Nesse momento, fica claro que, por se tratar de uma síndrome, diversas doenças ou condições podem evoluir para SDRA, como pneumonia, sepse de qualquer foco, pancreatite, politrauma, lise tumoral, pós operatório de cirurgia cardíaca com circulação extra-corpórea, etc. Além disso, o critério diagnóstico de uma POAP ≤ 18 mmHg encontra-se em desuso, dado à crescente familiaridade e ao uso recorrente da ecografia por médicos intensivistas. Outro ponto importante é que a gravidade da SDRA é definda pela relação PaO2/FiO2, classificando-a como leve (relação PaO2/FiO2 300 a 200), moderada (200 a 100 ) ou grave (menor que 100).

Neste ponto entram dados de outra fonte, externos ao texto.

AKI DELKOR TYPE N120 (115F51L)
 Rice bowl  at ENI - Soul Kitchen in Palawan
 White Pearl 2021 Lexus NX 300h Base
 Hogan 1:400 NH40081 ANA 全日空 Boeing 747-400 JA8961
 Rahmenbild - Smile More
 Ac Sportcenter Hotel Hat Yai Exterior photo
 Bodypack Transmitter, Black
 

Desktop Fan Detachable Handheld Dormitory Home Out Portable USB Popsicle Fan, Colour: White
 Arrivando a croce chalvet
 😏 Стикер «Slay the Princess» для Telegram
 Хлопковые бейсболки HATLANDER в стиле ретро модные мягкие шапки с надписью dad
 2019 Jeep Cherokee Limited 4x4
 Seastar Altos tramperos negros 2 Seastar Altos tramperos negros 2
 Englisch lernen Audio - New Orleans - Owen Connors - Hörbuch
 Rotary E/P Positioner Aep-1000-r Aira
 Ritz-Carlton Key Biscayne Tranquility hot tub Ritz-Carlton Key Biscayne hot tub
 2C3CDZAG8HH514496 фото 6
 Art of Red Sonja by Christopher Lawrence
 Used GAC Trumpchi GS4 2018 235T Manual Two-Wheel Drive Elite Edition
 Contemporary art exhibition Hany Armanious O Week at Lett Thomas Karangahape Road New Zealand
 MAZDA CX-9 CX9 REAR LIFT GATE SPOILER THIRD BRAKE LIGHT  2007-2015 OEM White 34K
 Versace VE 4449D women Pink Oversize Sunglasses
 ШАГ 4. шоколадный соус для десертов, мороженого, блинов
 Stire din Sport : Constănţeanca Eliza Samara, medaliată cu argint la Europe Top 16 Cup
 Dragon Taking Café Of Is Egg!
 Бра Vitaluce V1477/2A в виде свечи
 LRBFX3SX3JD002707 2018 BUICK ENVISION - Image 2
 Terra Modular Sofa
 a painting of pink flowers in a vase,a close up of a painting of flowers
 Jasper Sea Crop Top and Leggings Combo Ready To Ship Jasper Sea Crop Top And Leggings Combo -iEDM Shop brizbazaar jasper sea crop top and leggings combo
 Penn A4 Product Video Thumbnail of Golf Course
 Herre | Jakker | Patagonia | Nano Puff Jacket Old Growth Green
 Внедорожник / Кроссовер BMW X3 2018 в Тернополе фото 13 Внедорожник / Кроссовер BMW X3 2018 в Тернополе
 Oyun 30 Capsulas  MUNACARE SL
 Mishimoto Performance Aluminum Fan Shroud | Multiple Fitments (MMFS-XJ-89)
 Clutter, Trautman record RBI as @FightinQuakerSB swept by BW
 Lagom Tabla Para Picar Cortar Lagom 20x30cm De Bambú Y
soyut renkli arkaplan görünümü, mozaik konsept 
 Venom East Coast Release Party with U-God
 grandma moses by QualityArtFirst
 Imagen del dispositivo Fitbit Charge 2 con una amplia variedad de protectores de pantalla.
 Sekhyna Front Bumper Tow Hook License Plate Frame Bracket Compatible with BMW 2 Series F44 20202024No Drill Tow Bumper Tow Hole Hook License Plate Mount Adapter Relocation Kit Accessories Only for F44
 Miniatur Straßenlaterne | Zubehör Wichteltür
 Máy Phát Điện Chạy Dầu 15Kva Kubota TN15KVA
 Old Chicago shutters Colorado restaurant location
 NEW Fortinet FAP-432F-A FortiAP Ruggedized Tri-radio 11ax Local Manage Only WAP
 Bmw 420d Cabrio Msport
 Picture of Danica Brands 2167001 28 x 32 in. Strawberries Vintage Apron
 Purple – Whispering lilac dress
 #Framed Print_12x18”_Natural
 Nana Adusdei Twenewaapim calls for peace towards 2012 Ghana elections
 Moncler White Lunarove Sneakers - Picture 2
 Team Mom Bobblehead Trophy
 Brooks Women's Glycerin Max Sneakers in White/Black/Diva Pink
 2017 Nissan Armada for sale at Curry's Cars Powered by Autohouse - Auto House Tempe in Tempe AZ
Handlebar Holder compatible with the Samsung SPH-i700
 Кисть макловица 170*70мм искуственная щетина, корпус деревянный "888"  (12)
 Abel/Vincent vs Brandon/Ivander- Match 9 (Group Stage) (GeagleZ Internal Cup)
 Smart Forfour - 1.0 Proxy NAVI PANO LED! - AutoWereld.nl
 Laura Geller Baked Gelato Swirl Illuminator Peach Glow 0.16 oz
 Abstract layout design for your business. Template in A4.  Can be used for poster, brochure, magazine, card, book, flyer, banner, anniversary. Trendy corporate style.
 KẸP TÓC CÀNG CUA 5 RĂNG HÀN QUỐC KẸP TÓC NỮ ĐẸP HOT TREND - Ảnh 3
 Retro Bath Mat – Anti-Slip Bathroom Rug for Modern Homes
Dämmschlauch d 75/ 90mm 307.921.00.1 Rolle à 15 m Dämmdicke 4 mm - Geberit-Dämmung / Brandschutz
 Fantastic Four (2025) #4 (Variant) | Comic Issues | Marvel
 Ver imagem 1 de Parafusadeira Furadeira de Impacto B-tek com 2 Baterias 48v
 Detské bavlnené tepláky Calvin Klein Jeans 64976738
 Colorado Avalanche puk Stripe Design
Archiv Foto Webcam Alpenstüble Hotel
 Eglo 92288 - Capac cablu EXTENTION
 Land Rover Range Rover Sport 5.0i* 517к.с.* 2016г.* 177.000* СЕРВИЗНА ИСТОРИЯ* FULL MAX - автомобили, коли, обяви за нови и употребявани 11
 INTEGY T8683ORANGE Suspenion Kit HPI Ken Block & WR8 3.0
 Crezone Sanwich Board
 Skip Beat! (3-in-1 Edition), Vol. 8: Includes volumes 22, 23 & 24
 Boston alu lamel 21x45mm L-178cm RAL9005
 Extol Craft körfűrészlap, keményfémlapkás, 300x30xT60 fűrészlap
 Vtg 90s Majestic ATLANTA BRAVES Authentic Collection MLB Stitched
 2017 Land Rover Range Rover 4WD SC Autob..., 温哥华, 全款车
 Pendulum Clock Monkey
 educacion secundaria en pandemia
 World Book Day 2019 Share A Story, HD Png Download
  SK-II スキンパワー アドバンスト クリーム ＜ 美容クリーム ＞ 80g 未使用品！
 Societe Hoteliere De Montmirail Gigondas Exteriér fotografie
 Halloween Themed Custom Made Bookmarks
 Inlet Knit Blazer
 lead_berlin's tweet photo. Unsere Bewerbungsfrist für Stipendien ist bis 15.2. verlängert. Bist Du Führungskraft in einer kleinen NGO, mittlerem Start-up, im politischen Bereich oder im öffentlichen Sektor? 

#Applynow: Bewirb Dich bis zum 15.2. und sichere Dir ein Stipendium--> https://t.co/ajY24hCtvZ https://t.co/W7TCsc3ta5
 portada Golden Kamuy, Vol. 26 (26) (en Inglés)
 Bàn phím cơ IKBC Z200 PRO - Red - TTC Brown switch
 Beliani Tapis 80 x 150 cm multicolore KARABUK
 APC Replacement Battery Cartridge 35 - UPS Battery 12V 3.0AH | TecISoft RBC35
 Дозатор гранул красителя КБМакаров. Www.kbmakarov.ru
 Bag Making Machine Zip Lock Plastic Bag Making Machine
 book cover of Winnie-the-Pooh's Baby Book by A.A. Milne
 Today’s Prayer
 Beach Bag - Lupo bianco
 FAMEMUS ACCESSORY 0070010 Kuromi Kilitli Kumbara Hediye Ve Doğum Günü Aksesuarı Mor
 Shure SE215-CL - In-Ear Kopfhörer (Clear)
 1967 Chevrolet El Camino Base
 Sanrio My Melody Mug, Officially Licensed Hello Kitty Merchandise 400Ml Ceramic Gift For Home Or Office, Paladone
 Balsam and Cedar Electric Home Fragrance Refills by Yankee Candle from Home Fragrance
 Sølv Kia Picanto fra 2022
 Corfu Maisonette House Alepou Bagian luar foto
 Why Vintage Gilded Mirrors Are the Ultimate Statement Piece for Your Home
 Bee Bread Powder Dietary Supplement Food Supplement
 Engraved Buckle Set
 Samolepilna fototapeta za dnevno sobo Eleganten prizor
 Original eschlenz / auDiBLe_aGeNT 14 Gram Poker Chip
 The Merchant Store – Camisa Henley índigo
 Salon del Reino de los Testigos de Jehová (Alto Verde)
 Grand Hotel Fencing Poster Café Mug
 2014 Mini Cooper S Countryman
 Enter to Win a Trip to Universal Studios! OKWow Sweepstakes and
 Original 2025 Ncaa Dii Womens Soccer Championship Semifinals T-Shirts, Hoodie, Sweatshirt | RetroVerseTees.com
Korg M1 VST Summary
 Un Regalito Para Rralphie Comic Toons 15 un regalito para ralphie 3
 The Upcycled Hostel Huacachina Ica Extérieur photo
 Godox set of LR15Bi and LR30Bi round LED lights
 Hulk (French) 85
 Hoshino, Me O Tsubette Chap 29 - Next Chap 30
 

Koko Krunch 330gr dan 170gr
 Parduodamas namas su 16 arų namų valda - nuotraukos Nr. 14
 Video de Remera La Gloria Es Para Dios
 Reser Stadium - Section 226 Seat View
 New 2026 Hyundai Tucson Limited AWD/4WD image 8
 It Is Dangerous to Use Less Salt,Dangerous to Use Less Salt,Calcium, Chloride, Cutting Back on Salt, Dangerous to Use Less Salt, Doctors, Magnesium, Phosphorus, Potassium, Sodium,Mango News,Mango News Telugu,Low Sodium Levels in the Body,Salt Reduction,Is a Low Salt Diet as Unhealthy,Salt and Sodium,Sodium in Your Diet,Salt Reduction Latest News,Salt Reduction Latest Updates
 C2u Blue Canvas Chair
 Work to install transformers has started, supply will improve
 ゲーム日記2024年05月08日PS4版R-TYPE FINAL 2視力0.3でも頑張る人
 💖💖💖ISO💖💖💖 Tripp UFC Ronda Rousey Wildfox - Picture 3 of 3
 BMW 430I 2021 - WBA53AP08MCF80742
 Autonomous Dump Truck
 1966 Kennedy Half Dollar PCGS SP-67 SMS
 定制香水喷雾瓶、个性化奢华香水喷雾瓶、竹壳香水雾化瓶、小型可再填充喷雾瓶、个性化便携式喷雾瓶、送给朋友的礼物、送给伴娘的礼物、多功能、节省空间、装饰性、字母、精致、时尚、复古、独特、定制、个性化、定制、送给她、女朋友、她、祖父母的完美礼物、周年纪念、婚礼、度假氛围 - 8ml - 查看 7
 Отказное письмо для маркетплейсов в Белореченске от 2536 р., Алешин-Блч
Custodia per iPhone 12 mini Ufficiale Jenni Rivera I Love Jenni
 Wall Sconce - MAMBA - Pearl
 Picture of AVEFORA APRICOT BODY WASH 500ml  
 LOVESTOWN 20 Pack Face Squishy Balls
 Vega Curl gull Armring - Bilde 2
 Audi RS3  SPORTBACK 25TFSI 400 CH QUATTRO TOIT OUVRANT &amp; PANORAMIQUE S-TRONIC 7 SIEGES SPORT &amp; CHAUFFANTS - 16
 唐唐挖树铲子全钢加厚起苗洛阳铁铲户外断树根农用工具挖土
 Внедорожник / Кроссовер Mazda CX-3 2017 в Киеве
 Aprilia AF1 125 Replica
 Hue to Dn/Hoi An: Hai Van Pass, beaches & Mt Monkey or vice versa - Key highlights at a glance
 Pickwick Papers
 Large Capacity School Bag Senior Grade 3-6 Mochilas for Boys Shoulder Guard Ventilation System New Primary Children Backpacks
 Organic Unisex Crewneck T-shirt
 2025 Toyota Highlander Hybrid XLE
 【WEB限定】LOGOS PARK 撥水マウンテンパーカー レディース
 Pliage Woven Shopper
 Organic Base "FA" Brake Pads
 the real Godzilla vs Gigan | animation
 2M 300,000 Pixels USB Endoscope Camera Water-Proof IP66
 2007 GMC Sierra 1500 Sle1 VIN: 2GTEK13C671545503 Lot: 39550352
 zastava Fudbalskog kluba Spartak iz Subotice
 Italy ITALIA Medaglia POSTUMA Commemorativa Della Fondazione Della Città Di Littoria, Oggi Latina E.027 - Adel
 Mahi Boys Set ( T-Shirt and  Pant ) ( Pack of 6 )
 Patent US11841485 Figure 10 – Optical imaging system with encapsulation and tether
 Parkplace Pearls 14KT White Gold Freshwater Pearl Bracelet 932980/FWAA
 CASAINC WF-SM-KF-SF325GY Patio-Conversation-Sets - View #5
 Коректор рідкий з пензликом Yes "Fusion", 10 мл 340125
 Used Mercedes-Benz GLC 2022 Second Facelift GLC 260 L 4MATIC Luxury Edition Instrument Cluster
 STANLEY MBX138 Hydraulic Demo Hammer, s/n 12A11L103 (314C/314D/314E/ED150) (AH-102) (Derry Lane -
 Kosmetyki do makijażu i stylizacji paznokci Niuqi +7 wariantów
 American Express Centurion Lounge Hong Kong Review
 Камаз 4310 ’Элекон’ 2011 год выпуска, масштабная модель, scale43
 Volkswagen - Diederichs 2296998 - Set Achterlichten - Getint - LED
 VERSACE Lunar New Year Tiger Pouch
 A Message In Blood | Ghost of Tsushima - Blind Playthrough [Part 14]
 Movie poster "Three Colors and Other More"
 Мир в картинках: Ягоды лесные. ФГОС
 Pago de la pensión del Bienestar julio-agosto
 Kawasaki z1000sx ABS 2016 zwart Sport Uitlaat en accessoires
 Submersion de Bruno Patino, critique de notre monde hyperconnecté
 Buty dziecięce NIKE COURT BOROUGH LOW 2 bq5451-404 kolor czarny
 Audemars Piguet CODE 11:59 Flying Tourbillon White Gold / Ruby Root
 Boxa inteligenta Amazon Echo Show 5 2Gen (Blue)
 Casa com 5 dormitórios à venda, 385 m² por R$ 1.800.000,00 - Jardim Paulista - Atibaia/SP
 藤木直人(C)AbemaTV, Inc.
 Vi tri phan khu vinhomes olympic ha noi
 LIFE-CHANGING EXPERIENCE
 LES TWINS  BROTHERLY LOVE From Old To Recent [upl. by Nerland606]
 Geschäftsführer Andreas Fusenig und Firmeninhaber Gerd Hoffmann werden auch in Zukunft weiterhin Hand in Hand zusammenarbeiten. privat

Os critérios de Berlim, muito embora tenham conseguido criar um consenso sobre as definições da SDRA, devem ser analisados com críticas quando aplicados à prática diária da UTI. O fato de um paciente apresentar insuficiência cardíaca ou um adenocarcinoma de pulmão, por exemplo, não exclui a possibilidade de ele evoluir com a síndrome de desconforto respiratório. E a coexistências de tais condições não deve atrasar o diagnóstico da síndrome.
Simples não? Fica até fácil de criar mnemônicos para decorar os critérios diagnósticos, como “OTChO”: Oxigenação (relação PaO2/FiO2), Tempo de início, Chest ray (imagem radiológica) e Outro diagnostico (excluir outras causas).
Fisiopatologia
Sobre a fisiopatologia, podemos dividir evolutivamente a SDRA em 3 fases: exudativa, proliferativa e de transformação:
1. Fase exudativa: é marcada por dano alveolar difuso, onde algum agente lesivo promove a ativação da resposta imune inata. Ou seja, algum agente infeccioso como vírus ou bactérias, ou a presença de conteúdo gástrico, ou mesmo uma resposta inflamatória à distância, leva a ativação de macrófagos alveolares, que por sua vez ativam linfócitos T e neutrófilos. Nesse momento, ocorre a produção de diversos mediadores inflamatórios que, em última análise, levam à lesão de pneumócitos tipo II, redução da produção de surfactante, lesão da membrana basal dos pneumócitos tipo I e aumento da permeabilidade dos capilares alveolares. A consequência é a inundação dos alvéolos com um edema hialino, rico em proteínas. Ainda nessa fase, a resposta inflamatória é capaz de ativar a cascata da coagulação e promover a formação de trombos na microcirculação. Veja a figura abaixo:
2.Fase proliferativa: a segunda fase da SDRA é caracterizada por uma resposta do organismo a fim de restabelecer a homeostase do parênquima pulmonar. Trata-se de uma resposta adaptativa, com o recrutamento de fibroblastos. Eles secretam uma matriz de colágeno provisória, que se deposita entre o alvéolo e o capilar alveolar. Há ainda estímulo à proliferação das células precursoras dos pneumócitos tipo I e tipo II, fagocitose de neutrófilos apoptóticos e restabelecimento das “tight junctions” entre as células alveolares (figura abaixo, parte A)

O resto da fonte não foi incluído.